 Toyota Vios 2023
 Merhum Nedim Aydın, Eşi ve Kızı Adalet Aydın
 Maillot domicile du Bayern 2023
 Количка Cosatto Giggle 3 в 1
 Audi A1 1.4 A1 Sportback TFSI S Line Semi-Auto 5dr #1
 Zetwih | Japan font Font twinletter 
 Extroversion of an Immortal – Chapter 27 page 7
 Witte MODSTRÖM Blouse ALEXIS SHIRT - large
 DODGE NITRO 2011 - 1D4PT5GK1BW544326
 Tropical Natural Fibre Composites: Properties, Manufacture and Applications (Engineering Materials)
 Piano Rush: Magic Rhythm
————————
DIRECTIONS: Only the lines from the line with "DODGE NITRO 2011 - 1D4PT5GK1BW544326" to the final line of the entries are to be returned, each exactly as written, both ends included.

RESULT FOR THIS TASK:
 DODGE NITRO 2011 - 1D4PT5GK1BW544326
 Tropical Natural Fibre Composites: Properties, Manufacture and Applications (Engineering Materials)
 Piano Rush: Magic Rhythm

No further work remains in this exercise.